> **What to produce**
Once the line with "GNP Hotdog Roller" is found, write it out along with each later line exactly, through the end of the entries, skipping every picture.

> **Working data**
□ □ □ □ □ □ □

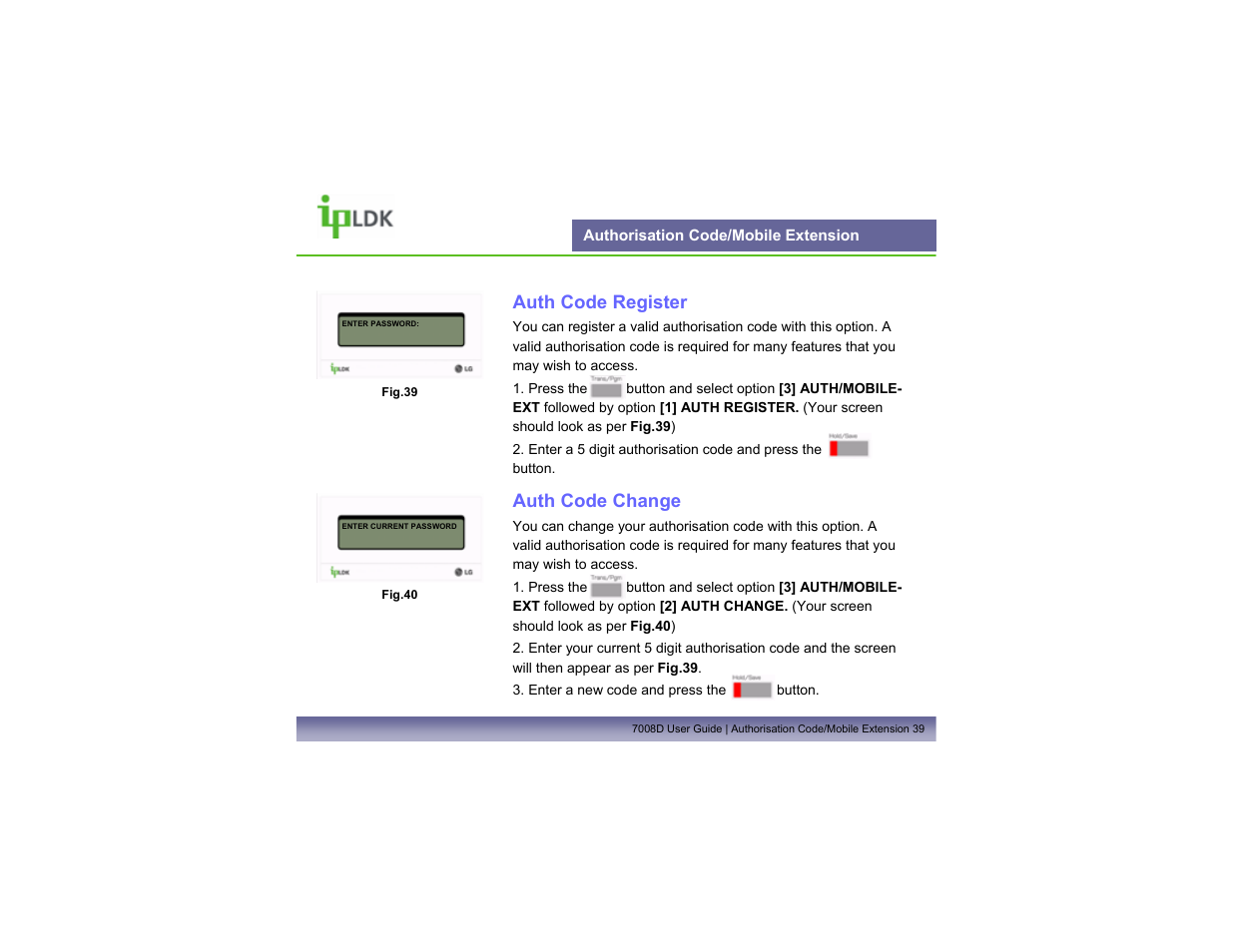 Authorisation code/mobile extension, Auth code register, Auth code change | LG LDP7008D User Manual | Page 40 / 62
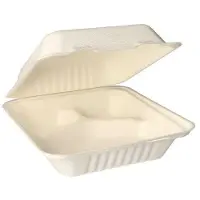 Papstar 125 Menüboxen, Zuckerrohr "pure" 3-geteilt 7,7 cm x 20 cm x 22 cm weiss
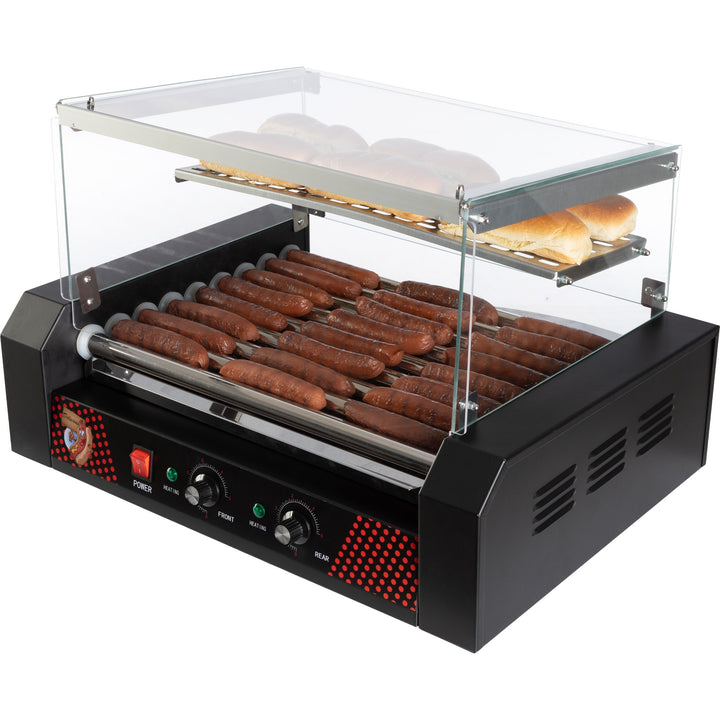 GNP Hotdog Roller Grill 9 Roller Bun Warmer and Cover Stainless Steel Image 4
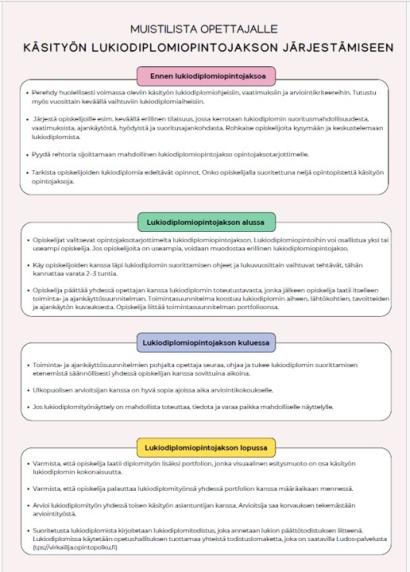 Kuvituskuta: Muistilista käsityönopettajalle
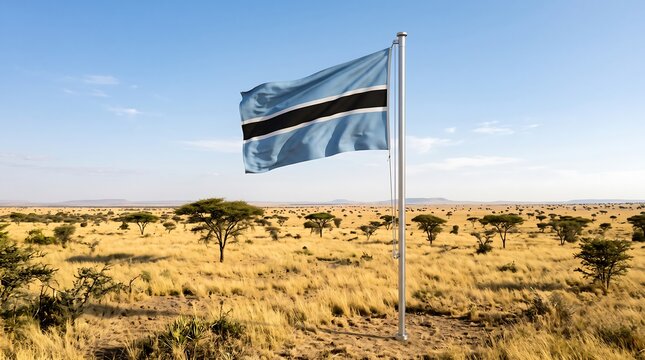 Botswana national flag on silver pole waving over dry savanna landscape under clear blue sky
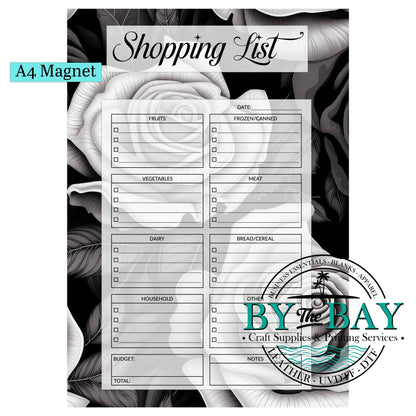 Black & White Roses A4 Shopping List Magnet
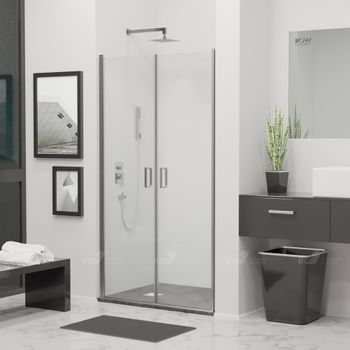 Душевая дверь 100*195 RGW LE-06 Хром/Прозрачное/6 мм (Easy) — фото 2, Распашные душевые двери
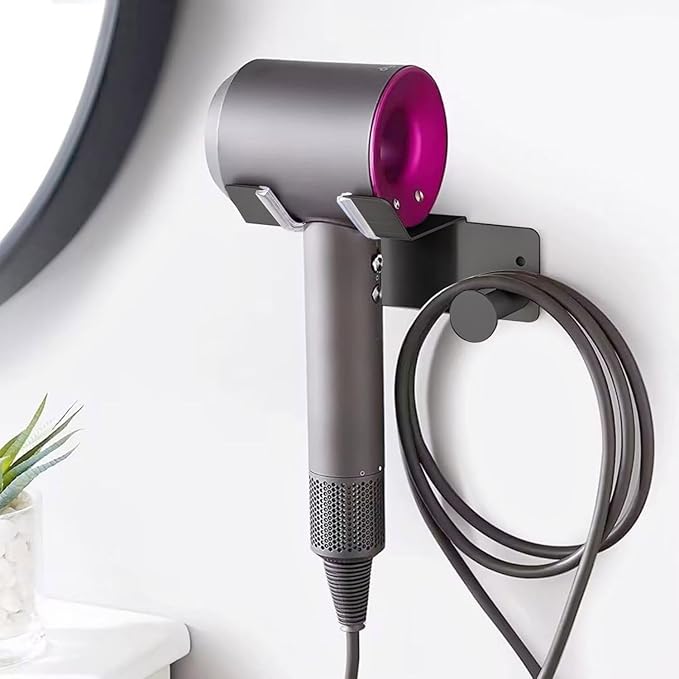 Hair Dryer Holder, Dyson Hair Dryer Holder, Blow Dryer Holder with Cord Hook SUS304 Stainless Steel Wall Mount, Self Adhesive/Screw Space Saving Hairdryer Holder for Bathroom Black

□ □ □ □ □ □ □

> **Finished exercise**
 GNP Hotdog Roller Grill 9 Roller Bun Warmer and Cover Stainless Steel Image 4
 Kuvituskuta: Muistilista käsityönopettajalle
 Botswana national flag on silver pole waving over dry savanna landscape under clear blue sky
 Black & White Roses A4 Shopping List Magnet
 Душевая дверь 100*195 RGW LE-06 Хром/Прозрачное/6 мм (Easy) — фото 2, Распашные душевые двери
 Hair Dryer Holder, Dyson Hair Dryer Holder, Blow Dryer Holder with Cord Hook SUS304 Stainless Steel Wall Mount, Self Adhesive/Screw Space Saving Hairdryer Holder for Bathroom Black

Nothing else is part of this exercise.